The Town of Whitby council adopted the municipality’s 2026 budget at a Special Council meeting on Nov. 27, 2025, finalizing spending and revenue plans that will raise the town’s tax levy by 3.44% next year — about $78 a year for an average home — and set service levels and capital projects for 2026. (Town materials show the adoption on the ConnectWhitby budget page; the Town site was updated Nov. 28, 2025.) The decision affects everyday services like fire, parks, waste and roads, and funds major projects already on the books.

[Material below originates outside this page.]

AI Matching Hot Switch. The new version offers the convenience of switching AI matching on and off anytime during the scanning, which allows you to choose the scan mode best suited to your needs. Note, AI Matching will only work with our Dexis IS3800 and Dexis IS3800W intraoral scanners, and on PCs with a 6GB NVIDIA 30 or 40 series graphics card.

The adopted package funds roughly $198 million in operating costs and about $62 million in capital spending, according to local reporting, and keeps projects such as the Whitby Sports Complex, a new west Whitby fire hall (and 20 new firefighters), and road work moving forward. Council and staff said inflation, population growth and provincial cost‑shifting helped push costs up, and the town pointed to $2 million in departmental reductions, a pause on new hires for 2026 and new revenue tools such as a municipal accommodation tax to help limit the hit to taxpayers. Mayor Elizabeth Roy described it as a “challenging budget year” and noted work to balance affordability with services.

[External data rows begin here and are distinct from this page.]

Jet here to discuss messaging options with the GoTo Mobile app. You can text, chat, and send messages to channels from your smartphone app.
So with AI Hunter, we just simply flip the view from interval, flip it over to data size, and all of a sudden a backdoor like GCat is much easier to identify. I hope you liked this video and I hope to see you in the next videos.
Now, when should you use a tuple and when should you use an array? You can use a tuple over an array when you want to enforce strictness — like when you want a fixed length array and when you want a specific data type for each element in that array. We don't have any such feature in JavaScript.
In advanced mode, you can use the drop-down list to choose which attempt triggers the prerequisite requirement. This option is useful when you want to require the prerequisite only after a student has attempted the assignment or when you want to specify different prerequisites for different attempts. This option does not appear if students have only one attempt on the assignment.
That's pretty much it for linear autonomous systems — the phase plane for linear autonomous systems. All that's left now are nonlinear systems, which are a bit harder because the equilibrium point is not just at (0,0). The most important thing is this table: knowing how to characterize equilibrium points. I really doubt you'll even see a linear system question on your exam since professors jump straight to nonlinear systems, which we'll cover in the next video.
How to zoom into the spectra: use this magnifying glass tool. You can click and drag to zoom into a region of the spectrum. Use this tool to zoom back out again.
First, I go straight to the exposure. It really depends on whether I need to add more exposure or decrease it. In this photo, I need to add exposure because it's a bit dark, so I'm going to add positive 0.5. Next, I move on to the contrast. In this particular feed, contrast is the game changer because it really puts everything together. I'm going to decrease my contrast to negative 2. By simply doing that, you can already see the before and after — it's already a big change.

How the number landed at 3.44% came through a short sequence of drafts and amendments. Staff prepared a draft with a 3.99% target, the mayor released amendments on Nov. 7 that lowered that to about 3.49% (see the mayor’s Nov. 7 statement), and council debated further amendments at the late‑night Special Council meeting before settling on the 3.44% levy change. Under Ontario’s Strong Mayors framework the mayor has limited veto power over some council amendments, but Mayor Roy confirmed she would not exercise that power, allowing the council changes to stand. Several delegations asked council to restore cuts to library and arts funding; motions to do so were put forward but failed on a 6–3 split, with Regional councillors Chris Leahy and Steve Yamada and Ward 4 Coun. Victoria Bozinovski among those voting to restore some funding.

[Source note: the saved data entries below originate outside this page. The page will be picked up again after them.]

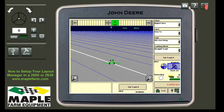Welcome to Maple Farm Equipment's how-to guide on how to set up your layout manager. If you are plugging in your screen for the first time, or moving it from one vehicle — say the combine — back to the tractor in the spring, you're probably wondering how to get your homepage looking like normal again.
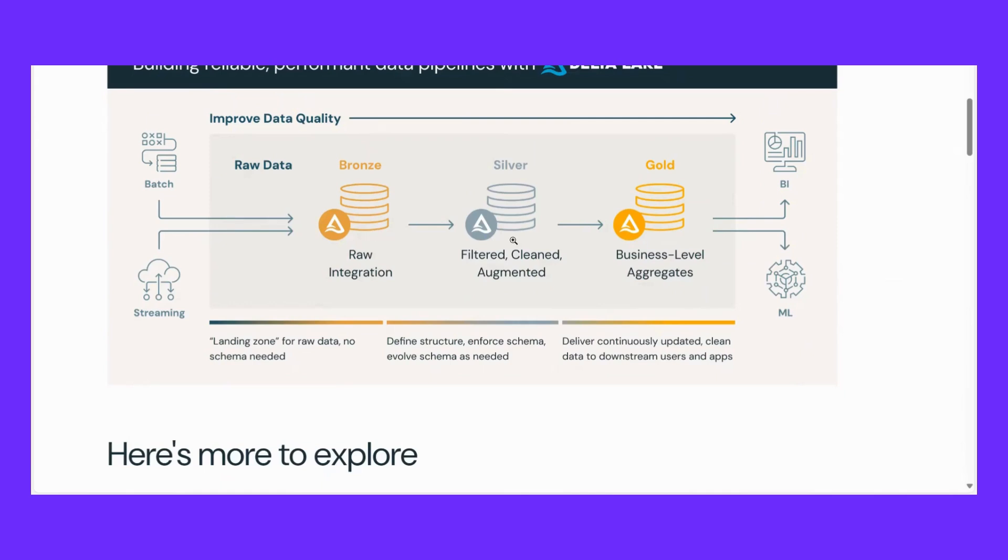If there is any duplication, we remove it. And along with this, there are many tables that we join together. And after that, we keep this data in the silver layer. So bronze is a landing zone for raw data, nothing is changed. Whatever data came to me, exactly that data.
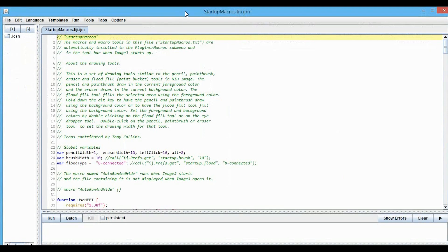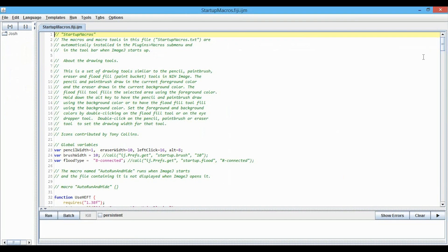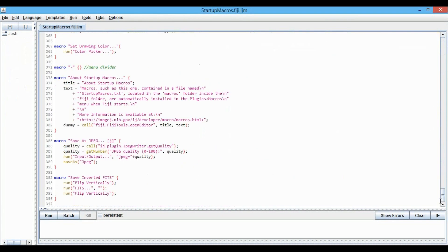You can see that here, and I'm going to scroll all the way to the bottom, so you can see the structure here. These are a little bit shorter, and you can see it's macro, and then the name of the macro, and then the code in between these braces.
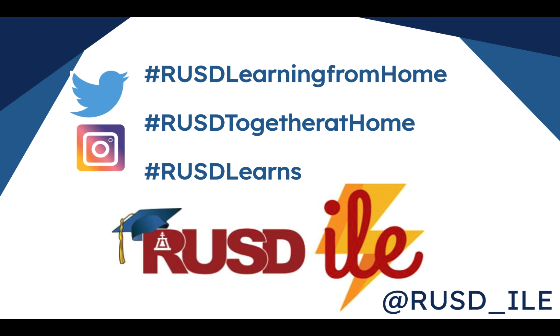Be sure to follow the Department of Innovation and Learner Engagement on Twitter or Instagram at RUSD underscore ILE and share your distance learning experiences using the hashtags above.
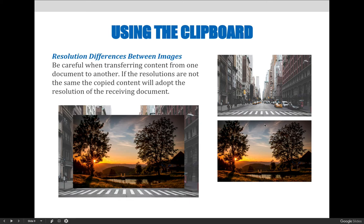If you copy and paste content from one document to another and the sizes are drastically different, you can end up with something like what's on screen here. On the right-hand side, the New York street line and the countryside images look the same size. But when I copied and pasted the country scene into the same document as the New York City scene, the country document is much smaller. So if I was hoping to create a hole through the city to see the country, I couldn't use this image because it doesn't fill up the whole area.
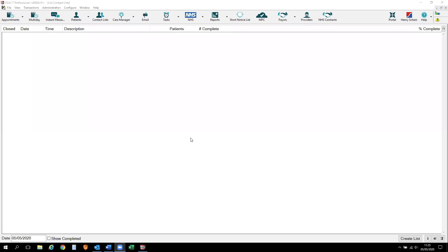Hello, my name's Kath and I'm one of the trainers here at Software of Excellence. In this short video clip, you will learn how to create a contact list and send multiple emails.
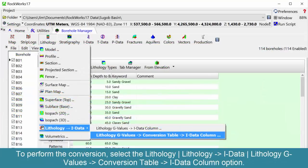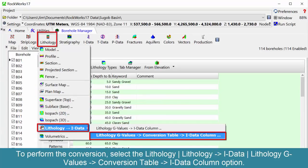To perform the conversion, select the lithology — lithology to I-data — lithology G-values to conversion table to I-data column option.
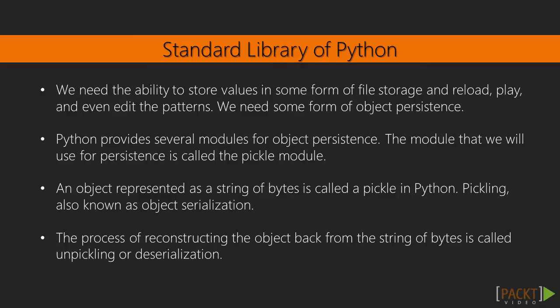Pickling, also known as object serialization, lets us convert our object into a string of bytes. The process of reconstructing the object back from the string of bytes is called unpickling, or deserialization.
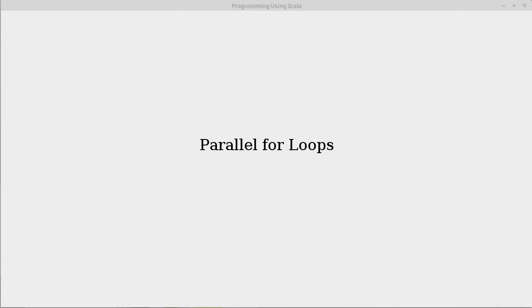This video covers something that is a bit of an advanced topic, but it's interesting to see. I think it's good for students to know about early on. And it's also nice in that it shows how you can do something that is an advanced topic fairly easily in Scala. And this is the concept of a parallel for loop.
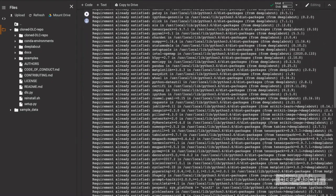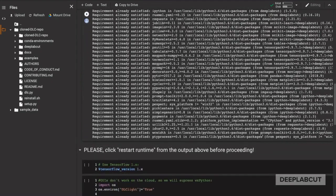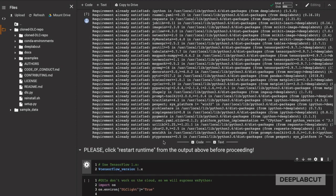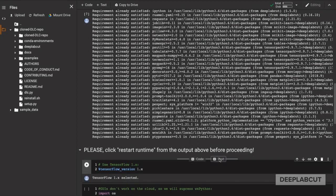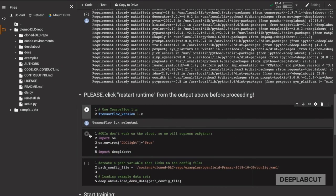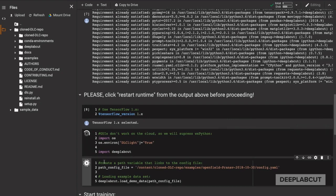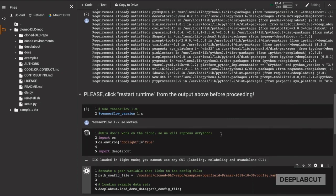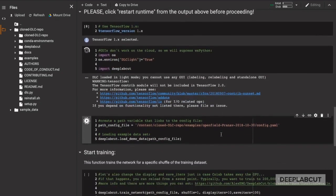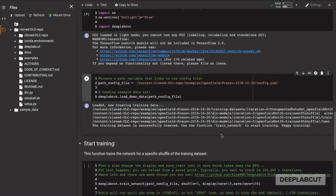To see DeepLabCut in action, it's as simple as going through the code blocks and clicking run. Be sure to follow the notes and tips that we suggest, like restarting the runtime if it hadn't been installed already.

For residents and businesses the immediate effect is a slightly higher town portion of property taxes next year and a confirmed capital plan. Town materials and local coverage translate the 3.44% levy to roughly $78 more per year on an average $503,000 home (the Town cites MPAC assessment data) and show the town’s portion of the bill rising by about 1.2%. The adopted budget now serves as Whitby’s spending guide for 2026, directing how services are delivered and which projects move ahead.